Cardiovascular disease caused more than one third of all deaths in the US in 2004, making it the nation’s No. 1 killer. Confronted with that grim statistic, one could venture we’ve been missing something. Two new studies suggest what that might be—fruits and vegetables full of vitamin C and a daily dose of sunshine. In the first study, conducted at the University of Cambridge, researchers charted the vitamin C plasma concentrations of more than 20,000 Europeans between the ages of 40 and 79 for nearly a decade and documented their rates of stroke. “People in the top 25 percent of vitamin C concentrations had a 42 percent lower risk of stroke over 10 years versus those in the bottom 25 percent,” says lead researcher Phyo Myint, MD. “And the effect was independent of major classical risk factors.” Noting that few studies show vitamin C supplements alone prevent stroke, Myint posits that other goodies found naturally in fruit and vegetables, such as bioflavonoids and plant sterols, probably play important complementary roles in stroke prevention.

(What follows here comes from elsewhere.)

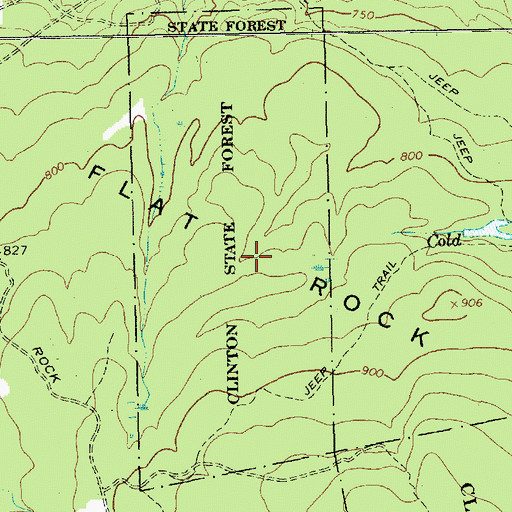 Topographic Map of Flat Rock, NY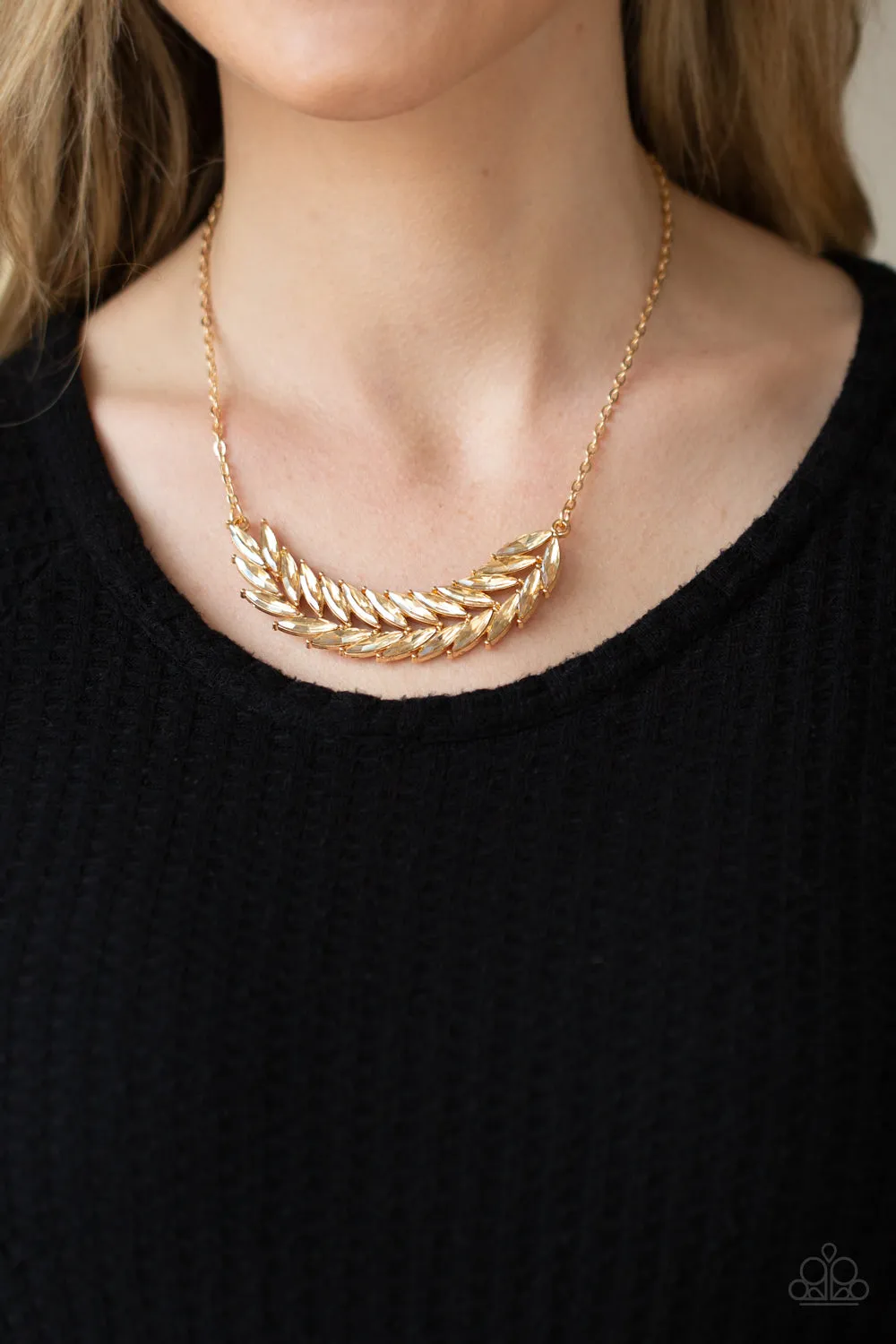 Paparazzi Flight of FANCINESS - Silver/Gold Necklace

The second study, at Harvard Medical School, examined more than 1,700 people with hypertension over an average of five and a half years. It found that the participants with vitamin D deficiencies were twice as likely to have heart attacks, strokes, or other serious cardiovascular events than the participants with normal vitamin D levels. Most experts agree that 15 minutes of sun each day or 1,000 mg daily of vitamin D supplements will give you what you need.